What you are asked to do — Below this sentence is a listing; return exactly its lines from the one with "Bedroom featuring access" to the one with "Spacious bright living", both kept, and nothing more.

Records supplied —
● ● ● ● ● ● ●

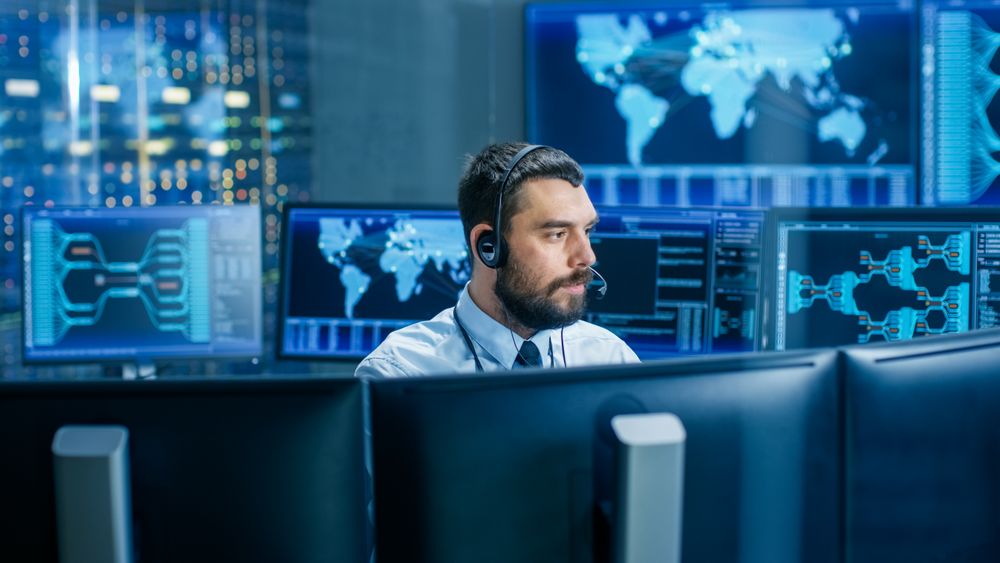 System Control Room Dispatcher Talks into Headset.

● ● ● ● ● ● ●

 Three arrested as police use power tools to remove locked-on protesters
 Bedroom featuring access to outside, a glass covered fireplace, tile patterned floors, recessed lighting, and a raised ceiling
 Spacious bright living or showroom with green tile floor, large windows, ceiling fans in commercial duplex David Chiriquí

● ● ● ● ● ● ●

Response —
 Bedroom featuring access to outside, a glass covered fireplace, tile patterned floors, recessed lighting, and a raised ceiling
 Spacious bright living or showroom with green tile floor, large windows, ceiling fans in commercial duplex David Chiriquí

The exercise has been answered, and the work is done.